31

I've downloaded the latest Android x86 (android-x86-6.0_20160129.iso) from here and tried to install it to the HDD on a VM in VMware Workstation and in Virtualbox.

The installation seems to proceed properly (using EXT4, and EFI Grub) and i get a message that it has installed successfully. However when I reboot it passes GRUB, picks the correct Android installation, but it does not boot. I get the result seen in the screenshot below and then a blank screen with a blinking cursor.

enter image description here

I've seen somehow similar questions on Android-SE (here and here), but they use older versions of Android x86 and don't seem to have solutions that work for me.
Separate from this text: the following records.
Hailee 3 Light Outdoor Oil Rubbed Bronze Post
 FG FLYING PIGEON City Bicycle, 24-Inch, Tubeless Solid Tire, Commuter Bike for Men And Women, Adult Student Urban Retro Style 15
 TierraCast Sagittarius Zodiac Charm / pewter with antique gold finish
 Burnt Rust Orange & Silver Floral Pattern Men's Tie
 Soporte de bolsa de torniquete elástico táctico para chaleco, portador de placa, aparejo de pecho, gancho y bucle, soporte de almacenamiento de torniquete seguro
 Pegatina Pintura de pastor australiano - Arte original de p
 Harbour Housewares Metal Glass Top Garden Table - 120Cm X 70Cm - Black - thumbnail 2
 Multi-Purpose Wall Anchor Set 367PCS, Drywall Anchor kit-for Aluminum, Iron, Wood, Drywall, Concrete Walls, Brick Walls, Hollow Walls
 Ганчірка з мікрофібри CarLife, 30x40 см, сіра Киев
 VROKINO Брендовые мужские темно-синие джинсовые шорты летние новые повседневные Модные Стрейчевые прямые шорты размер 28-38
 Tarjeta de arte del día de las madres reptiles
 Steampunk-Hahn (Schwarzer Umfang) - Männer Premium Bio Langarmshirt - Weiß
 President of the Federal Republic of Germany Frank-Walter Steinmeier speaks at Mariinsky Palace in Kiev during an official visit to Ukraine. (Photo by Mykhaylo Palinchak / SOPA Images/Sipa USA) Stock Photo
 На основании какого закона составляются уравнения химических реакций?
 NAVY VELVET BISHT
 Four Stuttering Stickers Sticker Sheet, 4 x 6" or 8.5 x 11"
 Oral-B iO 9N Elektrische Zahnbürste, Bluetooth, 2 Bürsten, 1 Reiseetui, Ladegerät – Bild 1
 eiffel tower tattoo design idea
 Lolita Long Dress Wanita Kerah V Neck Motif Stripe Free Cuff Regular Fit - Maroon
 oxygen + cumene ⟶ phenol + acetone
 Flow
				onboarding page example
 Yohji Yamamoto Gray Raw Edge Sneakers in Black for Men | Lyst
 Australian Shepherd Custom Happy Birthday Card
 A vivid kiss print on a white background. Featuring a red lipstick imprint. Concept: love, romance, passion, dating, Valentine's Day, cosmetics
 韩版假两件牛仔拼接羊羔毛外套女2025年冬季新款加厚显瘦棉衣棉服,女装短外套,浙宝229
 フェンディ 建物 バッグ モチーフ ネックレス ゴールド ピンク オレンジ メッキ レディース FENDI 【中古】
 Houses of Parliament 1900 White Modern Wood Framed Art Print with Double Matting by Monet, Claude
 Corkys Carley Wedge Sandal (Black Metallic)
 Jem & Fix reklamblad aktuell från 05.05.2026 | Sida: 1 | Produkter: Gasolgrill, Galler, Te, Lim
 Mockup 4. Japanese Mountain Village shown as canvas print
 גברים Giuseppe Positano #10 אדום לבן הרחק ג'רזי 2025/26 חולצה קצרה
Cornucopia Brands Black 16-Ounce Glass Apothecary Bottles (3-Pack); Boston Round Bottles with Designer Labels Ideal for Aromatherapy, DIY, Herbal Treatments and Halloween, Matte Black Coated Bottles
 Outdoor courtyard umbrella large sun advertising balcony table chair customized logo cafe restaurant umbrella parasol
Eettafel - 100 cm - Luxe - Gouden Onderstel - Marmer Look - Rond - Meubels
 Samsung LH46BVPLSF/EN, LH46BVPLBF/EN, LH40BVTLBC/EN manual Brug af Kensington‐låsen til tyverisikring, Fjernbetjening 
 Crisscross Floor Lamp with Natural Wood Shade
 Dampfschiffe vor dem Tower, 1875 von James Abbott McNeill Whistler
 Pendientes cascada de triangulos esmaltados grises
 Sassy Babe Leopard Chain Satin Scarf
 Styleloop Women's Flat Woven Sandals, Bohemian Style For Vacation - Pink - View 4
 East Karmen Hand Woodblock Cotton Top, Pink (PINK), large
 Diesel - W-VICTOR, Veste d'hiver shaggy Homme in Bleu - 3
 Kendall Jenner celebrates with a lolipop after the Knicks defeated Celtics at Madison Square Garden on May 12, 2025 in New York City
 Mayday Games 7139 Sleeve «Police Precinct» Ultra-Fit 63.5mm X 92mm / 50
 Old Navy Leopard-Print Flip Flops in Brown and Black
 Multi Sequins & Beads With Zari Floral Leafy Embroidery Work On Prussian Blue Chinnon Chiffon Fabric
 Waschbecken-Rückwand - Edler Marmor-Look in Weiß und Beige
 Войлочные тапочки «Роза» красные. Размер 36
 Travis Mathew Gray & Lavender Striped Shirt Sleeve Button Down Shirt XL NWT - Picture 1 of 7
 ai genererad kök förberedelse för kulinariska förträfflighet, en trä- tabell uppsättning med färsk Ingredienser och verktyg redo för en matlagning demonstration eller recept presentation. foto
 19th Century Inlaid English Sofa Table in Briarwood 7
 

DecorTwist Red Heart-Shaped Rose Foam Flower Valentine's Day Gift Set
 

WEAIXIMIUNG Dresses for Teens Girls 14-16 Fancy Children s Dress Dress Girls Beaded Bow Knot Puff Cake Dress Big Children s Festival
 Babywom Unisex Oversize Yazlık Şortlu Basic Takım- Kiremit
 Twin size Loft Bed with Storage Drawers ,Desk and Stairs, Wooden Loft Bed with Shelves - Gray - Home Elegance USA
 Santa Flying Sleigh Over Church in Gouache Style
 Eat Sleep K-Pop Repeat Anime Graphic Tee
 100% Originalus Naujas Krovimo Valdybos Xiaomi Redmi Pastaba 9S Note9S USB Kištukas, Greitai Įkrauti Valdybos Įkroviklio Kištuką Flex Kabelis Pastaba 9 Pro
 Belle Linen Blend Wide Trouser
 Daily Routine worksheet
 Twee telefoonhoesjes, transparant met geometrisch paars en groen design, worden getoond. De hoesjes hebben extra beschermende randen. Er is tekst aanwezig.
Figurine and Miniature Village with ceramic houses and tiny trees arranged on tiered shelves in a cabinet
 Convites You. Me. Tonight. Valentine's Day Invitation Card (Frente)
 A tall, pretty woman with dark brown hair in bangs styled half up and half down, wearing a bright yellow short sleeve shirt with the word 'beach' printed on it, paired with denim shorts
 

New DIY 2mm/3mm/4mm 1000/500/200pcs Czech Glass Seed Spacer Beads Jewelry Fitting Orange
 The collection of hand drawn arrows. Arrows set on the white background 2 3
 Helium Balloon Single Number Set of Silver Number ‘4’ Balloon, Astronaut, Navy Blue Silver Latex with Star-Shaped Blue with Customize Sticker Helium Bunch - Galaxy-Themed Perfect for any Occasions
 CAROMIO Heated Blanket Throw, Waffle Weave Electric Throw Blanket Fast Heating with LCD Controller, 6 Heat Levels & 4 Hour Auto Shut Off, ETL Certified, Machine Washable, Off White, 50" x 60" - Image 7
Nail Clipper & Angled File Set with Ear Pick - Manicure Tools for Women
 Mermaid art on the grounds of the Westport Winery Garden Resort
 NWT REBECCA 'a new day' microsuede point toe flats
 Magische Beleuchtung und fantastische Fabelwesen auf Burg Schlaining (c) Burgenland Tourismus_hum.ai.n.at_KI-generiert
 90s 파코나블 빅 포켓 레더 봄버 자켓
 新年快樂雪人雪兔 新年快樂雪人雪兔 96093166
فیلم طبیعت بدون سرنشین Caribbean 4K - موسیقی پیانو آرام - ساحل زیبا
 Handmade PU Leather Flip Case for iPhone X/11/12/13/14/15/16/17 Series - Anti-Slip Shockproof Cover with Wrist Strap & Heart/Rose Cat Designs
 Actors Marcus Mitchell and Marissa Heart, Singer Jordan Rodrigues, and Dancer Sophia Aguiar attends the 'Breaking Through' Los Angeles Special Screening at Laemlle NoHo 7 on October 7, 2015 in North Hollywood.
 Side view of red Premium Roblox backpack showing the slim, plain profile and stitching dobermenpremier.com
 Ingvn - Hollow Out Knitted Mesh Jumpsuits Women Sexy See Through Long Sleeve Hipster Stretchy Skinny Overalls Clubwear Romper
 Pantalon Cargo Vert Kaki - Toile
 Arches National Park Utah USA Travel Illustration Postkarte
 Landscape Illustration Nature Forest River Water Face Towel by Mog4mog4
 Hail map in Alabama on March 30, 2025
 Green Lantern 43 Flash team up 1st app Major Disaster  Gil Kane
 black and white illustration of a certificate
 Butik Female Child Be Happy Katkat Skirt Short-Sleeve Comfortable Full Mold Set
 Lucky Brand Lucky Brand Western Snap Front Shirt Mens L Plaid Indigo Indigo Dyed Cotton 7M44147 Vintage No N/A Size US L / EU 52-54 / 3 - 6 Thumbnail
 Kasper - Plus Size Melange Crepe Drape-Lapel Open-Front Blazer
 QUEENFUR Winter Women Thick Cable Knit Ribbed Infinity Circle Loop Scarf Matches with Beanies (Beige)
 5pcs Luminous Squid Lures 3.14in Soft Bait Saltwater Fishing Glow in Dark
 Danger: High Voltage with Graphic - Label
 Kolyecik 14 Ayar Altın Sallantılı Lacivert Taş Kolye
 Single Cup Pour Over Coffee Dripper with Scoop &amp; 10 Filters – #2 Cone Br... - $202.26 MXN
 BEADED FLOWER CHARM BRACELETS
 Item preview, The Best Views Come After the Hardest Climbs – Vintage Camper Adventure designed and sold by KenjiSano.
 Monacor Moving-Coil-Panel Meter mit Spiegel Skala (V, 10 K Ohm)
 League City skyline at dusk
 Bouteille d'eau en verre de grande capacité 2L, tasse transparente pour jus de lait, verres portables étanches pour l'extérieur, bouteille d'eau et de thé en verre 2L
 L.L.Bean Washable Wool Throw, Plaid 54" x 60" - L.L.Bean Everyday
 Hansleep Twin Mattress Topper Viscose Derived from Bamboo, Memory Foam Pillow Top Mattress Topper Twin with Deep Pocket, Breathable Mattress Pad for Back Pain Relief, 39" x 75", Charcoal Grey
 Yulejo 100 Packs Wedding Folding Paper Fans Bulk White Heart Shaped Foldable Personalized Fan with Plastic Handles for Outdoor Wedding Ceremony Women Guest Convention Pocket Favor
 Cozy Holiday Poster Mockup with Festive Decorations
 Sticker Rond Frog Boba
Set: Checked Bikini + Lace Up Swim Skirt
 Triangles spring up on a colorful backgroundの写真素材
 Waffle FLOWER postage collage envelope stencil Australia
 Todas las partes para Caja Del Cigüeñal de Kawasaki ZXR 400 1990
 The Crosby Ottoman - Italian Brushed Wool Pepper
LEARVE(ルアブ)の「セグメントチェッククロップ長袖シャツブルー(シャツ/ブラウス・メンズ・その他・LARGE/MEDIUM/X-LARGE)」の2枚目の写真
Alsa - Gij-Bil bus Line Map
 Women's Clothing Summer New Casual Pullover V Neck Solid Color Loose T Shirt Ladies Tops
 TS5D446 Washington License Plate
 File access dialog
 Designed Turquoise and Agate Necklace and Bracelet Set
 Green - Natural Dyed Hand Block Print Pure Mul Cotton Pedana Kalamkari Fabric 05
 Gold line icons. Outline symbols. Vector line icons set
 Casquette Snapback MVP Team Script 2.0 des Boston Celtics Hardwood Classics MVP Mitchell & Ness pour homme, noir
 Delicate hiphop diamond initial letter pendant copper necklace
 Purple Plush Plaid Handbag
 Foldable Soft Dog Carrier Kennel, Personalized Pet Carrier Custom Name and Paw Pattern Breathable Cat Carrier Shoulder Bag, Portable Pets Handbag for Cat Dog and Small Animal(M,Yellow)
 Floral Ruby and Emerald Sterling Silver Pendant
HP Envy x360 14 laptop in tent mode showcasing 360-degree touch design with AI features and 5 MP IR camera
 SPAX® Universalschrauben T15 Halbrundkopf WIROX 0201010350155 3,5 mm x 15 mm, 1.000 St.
The VMs in both VMware and Virtualbox have: HDD=4GB(IDE), RAM=2GB, 2 CPUs and they boot through EFI. I've tried nomodeset and xforcevesa in the Grub boot parameters but nothing seems to work.

The .iso does boot up though all the way to the GUI in Live mode (LiveCD).

Any assistance would be greatly appreciated. I have a feeling that the solution might be something linked to the graphics settings but i'm not exactly sure.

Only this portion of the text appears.